So abgestimmt und effizient, wie der Streik sich an einem einzigen Tag von De Doorns in 15 andere Städte im Boland ausgebreitet hat, spricht alles für sorgfältige Planung und ausgeklügelte Mobilisierung von Menschen und Ressourcen. Es gibt nur wenig Zweifel, dass der ANC in der Kapprovinz und sein Allianzpartner Cosatu hinter dieser Mobilisierung stecken. In Villersdorp wurde ein Flugblatt mit ANC-Kopf verteilt, und im ganzen Boland gab es Berichte über Einschüchterungen durch Cosatu-Mitglieder (obwohl es im Boland kaum gewerkschaftlich organisierte Farmen gibt). Das würde die Fremden erklären, die nachts am Bahnhof von Wolseley ankamen, und die Busse in Nduli, dem Township außerhalb von Ceres. Ich bin kein Anhänger der reaktionären Politik der DA, aber Pieter van Dalen, ihr landwirtschaftlicher Sprecher, ist der Wahrheit vermutlich ziemlich nahe gekommen, als er den Streik als „letzten Bestandteil in der Kampagne des ANC, die Kapprovinz unregierbar zu machen“, bezeichnete.
Nicht ein einziger Arbeiter auf meiner Farm wollte streiken.
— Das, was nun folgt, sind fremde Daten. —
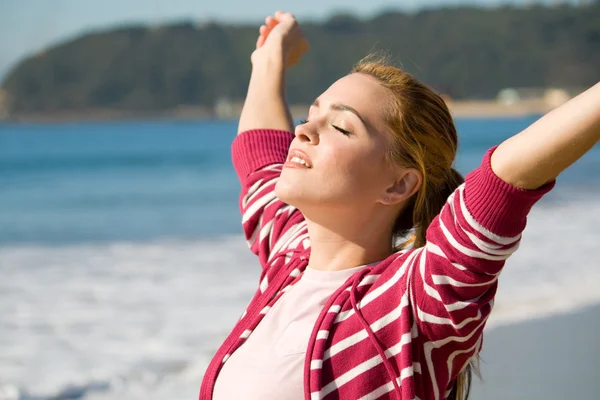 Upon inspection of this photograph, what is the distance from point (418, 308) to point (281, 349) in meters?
0.31

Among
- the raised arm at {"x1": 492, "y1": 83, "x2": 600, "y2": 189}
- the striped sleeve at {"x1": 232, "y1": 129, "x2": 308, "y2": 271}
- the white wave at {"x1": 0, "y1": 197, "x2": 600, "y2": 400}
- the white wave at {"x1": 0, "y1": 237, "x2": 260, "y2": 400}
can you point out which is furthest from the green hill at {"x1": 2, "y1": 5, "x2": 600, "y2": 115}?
the raised arm at {"x1": 492, "y1": 83, "x2": 600, "y2": 189}

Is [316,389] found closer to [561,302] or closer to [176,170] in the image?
[561,302]

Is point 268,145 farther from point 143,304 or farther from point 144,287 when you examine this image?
point 144,287

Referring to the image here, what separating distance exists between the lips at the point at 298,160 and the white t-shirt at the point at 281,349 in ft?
0.76

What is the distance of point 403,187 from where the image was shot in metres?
1.93

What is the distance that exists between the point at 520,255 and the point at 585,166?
15.6m

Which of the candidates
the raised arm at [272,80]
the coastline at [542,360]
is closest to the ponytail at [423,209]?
the raised arm at [272,80]

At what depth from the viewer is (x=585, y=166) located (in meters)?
22.4

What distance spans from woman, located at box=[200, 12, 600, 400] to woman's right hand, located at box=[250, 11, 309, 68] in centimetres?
47

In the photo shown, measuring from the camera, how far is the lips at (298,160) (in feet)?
6.07

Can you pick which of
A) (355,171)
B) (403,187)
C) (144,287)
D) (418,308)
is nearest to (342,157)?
(355,171)

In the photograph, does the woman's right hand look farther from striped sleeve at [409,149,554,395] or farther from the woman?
striped sleeve at [409,149,554,395]

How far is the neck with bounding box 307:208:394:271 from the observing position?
1.91 metres

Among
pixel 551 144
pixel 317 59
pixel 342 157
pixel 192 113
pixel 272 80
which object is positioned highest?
pixel 192 113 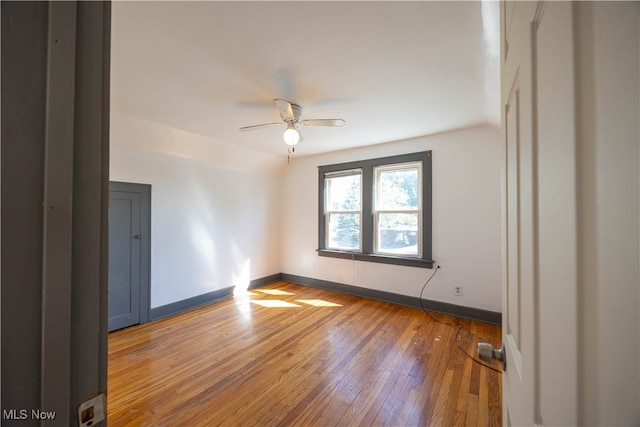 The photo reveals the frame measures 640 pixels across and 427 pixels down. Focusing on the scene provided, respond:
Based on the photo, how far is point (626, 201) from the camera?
265mm

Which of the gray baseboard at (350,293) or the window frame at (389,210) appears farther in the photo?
the window frame at (389,210)

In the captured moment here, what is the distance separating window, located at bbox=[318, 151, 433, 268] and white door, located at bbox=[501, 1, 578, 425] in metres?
2.77

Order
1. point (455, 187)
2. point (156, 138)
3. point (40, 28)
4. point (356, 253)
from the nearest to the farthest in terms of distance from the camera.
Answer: point (40, 28)
point (156, 138)
point (455, 187)
point (356, 253)

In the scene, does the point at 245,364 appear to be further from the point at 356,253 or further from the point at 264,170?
the point at 264,170

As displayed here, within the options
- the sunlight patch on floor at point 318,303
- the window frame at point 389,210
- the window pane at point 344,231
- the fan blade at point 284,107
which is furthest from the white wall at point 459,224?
the fan blade at point 284,107

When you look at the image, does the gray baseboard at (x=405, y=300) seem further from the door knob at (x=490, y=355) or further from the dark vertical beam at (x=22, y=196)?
the dark vertical beam at (x=22, y=196)

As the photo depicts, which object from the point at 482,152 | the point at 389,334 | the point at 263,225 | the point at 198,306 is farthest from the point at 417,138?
the point at 198,306

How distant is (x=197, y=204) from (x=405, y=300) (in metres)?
3.30

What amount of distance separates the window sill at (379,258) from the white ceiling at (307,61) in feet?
6.02

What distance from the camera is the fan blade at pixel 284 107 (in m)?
2.05

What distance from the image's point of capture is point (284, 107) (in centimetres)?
215

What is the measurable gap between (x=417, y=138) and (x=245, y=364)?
3.36 meters

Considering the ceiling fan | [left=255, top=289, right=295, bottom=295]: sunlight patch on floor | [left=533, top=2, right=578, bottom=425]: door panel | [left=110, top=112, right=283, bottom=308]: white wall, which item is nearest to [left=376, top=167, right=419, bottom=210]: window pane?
the ceiling fan

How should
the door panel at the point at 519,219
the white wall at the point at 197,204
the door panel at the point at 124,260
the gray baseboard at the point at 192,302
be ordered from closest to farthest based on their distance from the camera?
the door panel at the point at 519,219 → the door panel at the point at 124,260 → the white wall at the point at 197,204 → the gray baseboard at the point at 192,302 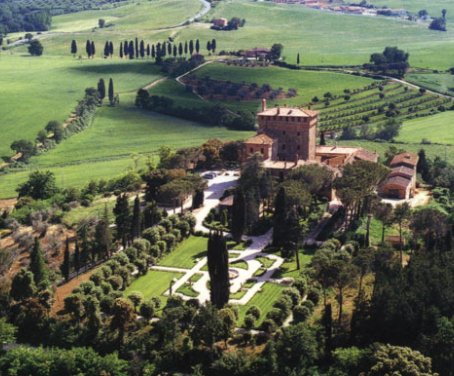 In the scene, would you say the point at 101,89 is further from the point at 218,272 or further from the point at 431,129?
the point at 218,272

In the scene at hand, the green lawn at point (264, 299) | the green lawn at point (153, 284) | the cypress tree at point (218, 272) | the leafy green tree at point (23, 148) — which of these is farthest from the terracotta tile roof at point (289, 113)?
the cypress tree at point (218, 272)

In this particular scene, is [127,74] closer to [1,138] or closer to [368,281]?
[1,138]

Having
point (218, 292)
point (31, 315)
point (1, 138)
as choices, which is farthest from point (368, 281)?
point (1, 138)

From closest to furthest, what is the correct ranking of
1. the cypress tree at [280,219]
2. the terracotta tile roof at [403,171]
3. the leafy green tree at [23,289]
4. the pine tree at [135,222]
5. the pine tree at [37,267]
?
the leafy green tree at [23,289], the pine tree at [37,267], the cypress tree at [280,219], the pine tree at [135,222], the terracotta tile roof at [403,171]

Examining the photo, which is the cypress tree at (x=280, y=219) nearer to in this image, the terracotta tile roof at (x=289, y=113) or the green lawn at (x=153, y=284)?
the green lawn at (x=153, y=284)

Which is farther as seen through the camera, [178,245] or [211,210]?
[211,210]

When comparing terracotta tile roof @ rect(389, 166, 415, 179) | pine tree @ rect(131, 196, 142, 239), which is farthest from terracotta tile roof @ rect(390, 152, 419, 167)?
pine tree @ rect(131, 196, 142, 239)

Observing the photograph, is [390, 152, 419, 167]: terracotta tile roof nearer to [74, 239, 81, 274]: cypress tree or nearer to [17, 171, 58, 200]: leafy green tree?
[17, 171, 58, 200]: leafy green tree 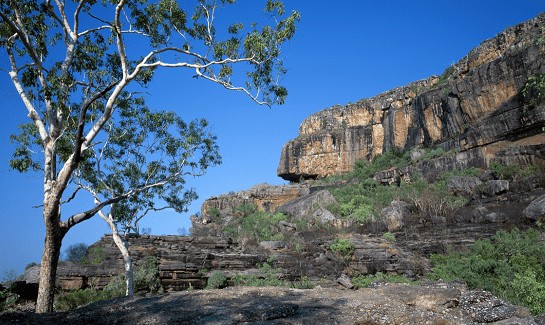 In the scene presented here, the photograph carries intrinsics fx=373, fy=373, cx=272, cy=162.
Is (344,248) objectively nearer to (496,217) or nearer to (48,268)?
(496,217)

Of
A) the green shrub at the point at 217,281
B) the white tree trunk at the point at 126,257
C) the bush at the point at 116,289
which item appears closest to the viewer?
the bush at the point at 116,289

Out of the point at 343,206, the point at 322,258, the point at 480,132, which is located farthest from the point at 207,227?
the point at 480,132

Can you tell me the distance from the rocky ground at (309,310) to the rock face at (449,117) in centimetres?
1229

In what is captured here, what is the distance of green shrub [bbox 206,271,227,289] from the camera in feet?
44.8

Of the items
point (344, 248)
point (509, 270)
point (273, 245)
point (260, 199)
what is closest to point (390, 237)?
point (344, 248)

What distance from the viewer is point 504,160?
2370cm

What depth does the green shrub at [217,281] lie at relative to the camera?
44.8 feet

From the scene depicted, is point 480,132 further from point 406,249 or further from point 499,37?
point 406,249

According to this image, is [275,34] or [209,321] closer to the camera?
[209,321]

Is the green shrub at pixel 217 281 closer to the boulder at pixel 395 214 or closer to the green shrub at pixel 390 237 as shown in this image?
the green shrub at pixel 390 237

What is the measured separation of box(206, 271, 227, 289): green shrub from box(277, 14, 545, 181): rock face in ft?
47.3

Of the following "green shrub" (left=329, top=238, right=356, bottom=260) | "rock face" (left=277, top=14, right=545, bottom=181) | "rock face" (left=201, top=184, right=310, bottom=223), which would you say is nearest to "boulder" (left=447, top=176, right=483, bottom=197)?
"rock face" (left=277, top=14, right=545, bottom=181)

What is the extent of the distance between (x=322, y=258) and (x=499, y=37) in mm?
28501

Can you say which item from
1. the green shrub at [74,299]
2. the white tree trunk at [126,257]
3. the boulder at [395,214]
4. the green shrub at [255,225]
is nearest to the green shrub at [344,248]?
the boulder at [395,214] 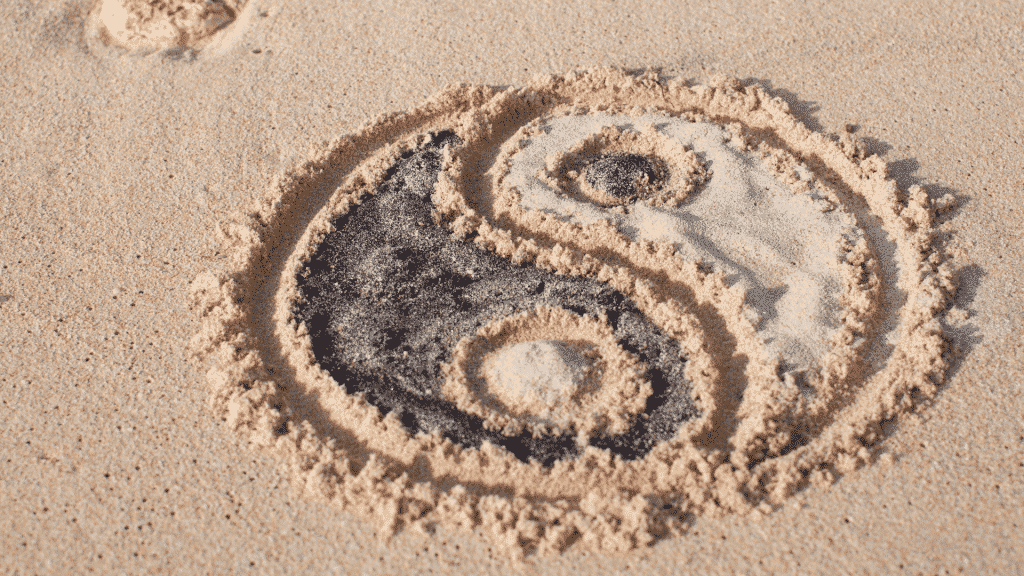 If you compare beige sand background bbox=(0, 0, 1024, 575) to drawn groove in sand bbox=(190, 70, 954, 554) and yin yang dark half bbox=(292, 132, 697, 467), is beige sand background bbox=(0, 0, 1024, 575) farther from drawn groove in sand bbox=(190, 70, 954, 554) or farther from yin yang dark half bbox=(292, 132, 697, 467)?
yin yang dark half bbox=(292, 132, 697, 467)

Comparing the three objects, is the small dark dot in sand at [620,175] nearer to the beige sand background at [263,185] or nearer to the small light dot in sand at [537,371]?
the beige sand background at [263,185]

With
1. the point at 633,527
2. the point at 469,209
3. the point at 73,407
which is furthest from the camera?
the point at 469,209

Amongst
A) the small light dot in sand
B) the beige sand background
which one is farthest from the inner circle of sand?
the beige sand background

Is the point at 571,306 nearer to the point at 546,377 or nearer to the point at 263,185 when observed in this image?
the point at 546,377

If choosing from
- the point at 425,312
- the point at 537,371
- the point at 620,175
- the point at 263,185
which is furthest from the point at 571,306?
the point at 263,185

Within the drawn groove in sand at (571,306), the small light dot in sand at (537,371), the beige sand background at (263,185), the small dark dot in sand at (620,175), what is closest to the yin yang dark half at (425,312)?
the drawn groove in sand at (571,306)

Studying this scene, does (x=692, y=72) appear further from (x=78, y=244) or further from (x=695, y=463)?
(x=78, y=244)

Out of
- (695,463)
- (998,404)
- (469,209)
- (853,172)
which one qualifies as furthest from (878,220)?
(469,209) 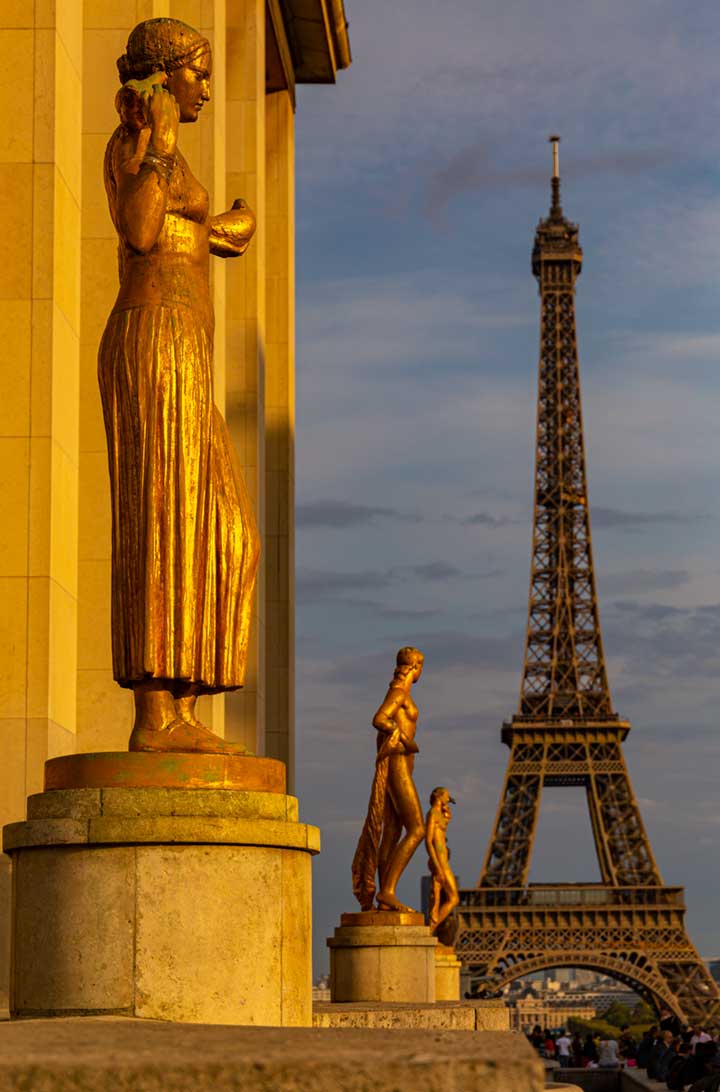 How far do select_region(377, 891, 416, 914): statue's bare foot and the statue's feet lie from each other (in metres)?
11.2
Die in Nduli wohnen, erhielten die Botschaft, dass ihre Familien und ihre Häuser bedroht seien, falls sie zur Arbeit gingen. Die Arbeiter auf der Farm wurden in Telefonanrufen und SMS bedroht. Ob diese Drohungen wirklich wahrgemacht worden wären, ist nicht von Belang. Die Arbeiter waren eingeschüchtert und kehrten in ihre Häuser zurück.
Tony Ehrenreich ist im vergangenen Jahr 50 geworden. Ein gefährliches Alter für einen Mann. Ein Alter, in dem er versucht sein könnte, auf sein Leben zurückzublicken und zu fragen, was er bislang erreicht hat, und was noch kommen könnte. Ehrenreich war 2011 Bürgermeister-Kandidat für Kapstadt und von Patricia de Lille vernichtend geschlagen worden. Er ist ganz klar ein ehrgeiziger Mann und mit seinem Job als Provinzsekretär von Cosatu nicht zufrieden, einer Organisation, der er vor mehr als 20 Jahren beigetreten ist.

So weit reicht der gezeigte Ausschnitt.